**What you are asked to do**
The pictures stay out; all of the data is to be printed exactly.
═════ Entries provided ═════
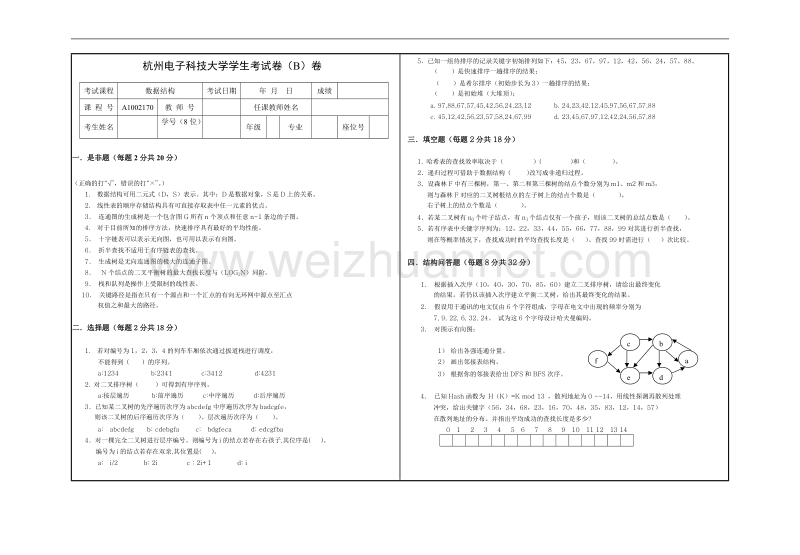 杭州电子科技大学试卷b卷-数据结构.doc_第1页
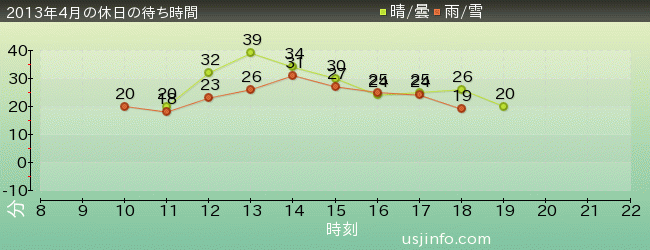 ｽﾇｰﾋﾟｰのｸﾞﾚｰﾄﾞ･ﾚｰｽ(TM)の2013年4月の待ち時間グラフ
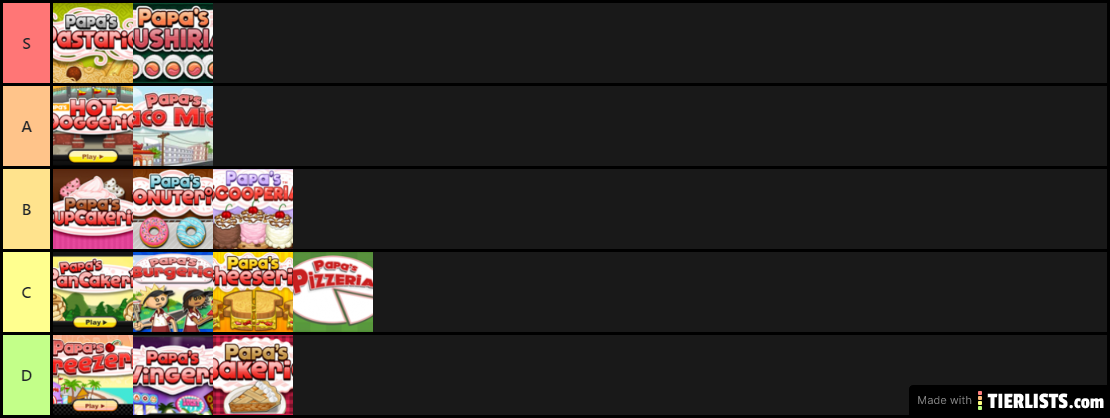 Papa's Franchise tier list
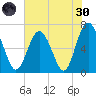 Hwy 170 bridge tide chart for Monday, May 30, 2022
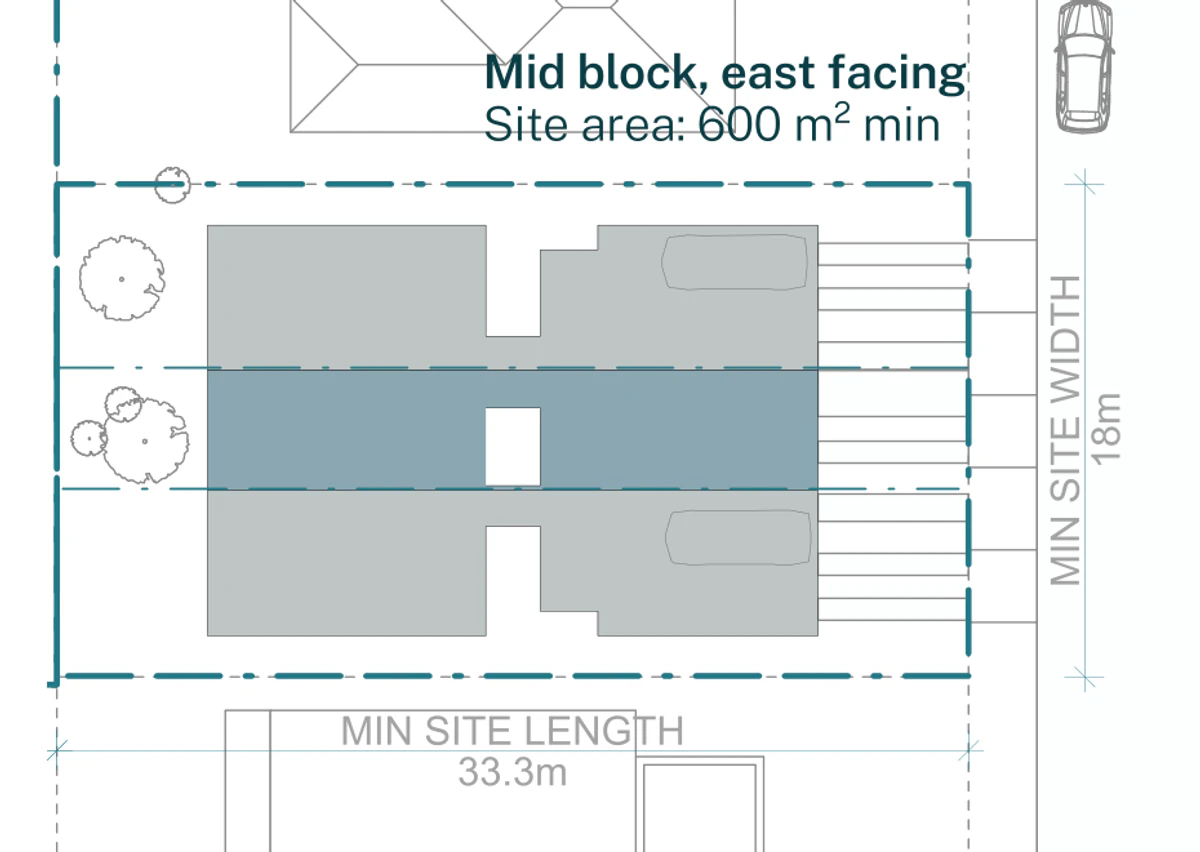 Pattern Book Terraces 01 official siting plan for a site outside the low and mid rise housing areas: a 18 by 33.3 metre block of 600 square metres whose street frontage faces east, showing three terraces side by side with garages and flexible rooms to the street with driveway crossovers, living rooms opening to private rear gardens, first floor bedrooms above and a low pitched roof carrying solar panels; 3 dwellings across the whole development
═════
**Response box**
 杭州电子科技大学试卷b卷-数据结构.doc_第1页
 ｽﾇｰﾋﾟｰのｸﾞﾚｰﾄﾞ･ﾚｰｽ(TM)の2013年4月の待ち時間グラフ
 Papa's Franchise tier list
 Hwy 170 bridge tide chart for Monday, May 30, 2022
 Pattern Book Terraces 01 official siting plan for a site outside the low and mid rise housing areas: a 18 by 33.3 metre block of 600 square metres whose street frontage faces east, showing three terraces side by side with garages and flexible rooms to the street with driveway crossovers, living rooms opening to private rear gardens, first floor bedrooms above and a low pitched roof carrying solar panels; 3 dwellings across the whole development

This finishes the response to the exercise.